In the listing below, find every line containing "Building" and copy it out.

- _Supplied records_
»»

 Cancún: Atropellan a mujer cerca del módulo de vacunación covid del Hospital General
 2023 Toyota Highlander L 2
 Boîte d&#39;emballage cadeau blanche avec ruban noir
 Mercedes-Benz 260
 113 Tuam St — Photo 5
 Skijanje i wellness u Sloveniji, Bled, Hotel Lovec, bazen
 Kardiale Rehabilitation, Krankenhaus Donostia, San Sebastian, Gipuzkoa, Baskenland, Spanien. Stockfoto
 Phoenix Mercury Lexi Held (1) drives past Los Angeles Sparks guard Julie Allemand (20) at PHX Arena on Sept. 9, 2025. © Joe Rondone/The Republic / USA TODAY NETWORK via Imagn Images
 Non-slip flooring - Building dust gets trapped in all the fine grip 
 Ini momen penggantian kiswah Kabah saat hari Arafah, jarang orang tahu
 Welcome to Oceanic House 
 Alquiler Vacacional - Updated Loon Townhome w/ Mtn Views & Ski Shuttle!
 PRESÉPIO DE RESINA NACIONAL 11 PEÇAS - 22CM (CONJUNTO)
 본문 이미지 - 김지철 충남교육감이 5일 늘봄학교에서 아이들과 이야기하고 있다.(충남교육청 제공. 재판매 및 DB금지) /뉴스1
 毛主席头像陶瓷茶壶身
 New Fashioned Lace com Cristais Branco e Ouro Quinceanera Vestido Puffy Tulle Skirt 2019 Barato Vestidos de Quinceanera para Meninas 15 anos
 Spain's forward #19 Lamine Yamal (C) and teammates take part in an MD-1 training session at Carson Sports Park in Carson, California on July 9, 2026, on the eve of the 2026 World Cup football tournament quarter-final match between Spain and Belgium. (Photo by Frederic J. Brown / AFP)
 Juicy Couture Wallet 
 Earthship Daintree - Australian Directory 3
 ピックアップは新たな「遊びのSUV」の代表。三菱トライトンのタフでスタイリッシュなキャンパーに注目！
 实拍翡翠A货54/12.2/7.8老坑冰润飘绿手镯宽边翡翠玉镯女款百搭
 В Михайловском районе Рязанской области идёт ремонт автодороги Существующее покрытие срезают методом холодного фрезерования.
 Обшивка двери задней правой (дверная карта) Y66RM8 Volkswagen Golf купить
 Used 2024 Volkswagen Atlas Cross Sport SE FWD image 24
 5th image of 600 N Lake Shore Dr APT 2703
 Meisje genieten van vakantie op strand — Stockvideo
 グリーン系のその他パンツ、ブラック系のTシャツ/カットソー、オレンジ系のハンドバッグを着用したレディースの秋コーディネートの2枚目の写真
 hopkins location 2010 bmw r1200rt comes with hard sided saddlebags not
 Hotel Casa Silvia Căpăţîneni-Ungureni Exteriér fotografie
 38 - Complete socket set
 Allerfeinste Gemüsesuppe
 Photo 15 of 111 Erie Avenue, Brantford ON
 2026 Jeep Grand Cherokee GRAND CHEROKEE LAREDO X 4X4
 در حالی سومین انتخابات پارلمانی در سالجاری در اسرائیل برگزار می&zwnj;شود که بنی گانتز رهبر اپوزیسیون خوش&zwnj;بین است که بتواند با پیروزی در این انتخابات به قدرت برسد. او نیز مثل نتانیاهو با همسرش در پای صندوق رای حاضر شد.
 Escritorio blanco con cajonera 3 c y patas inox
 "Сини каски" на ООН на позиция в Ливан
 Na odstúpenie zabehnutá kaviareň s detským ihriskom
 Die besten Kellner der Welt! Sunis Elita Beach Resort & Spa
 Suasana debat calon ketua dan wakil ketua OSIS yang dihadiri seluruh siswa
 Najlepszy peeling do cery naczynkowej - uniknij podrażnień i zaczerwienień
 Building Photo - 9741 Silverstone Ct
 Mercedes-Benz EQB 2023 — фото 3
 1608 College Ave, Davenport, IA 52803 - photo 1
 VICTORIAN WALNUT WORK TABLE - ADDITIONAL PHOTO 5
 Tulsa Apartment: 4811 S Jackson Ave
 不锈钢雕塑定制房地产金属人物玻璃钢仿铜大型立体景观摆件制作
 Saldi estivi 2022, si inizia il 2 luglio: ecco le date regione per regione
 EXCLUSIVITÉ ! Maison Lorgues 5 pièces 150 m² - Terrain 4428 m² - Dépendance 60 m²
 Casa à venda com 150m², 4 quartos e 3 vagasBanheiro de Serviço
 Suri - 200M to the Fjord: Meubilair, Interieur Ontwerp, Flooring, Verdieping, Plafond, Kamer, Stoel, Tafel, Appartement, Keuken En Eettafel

««

- _Exercise output_
 Non-slip flooring - Building dust gets trapped in all the fine grip 
 Building Photo - 9741 Silverstone Ct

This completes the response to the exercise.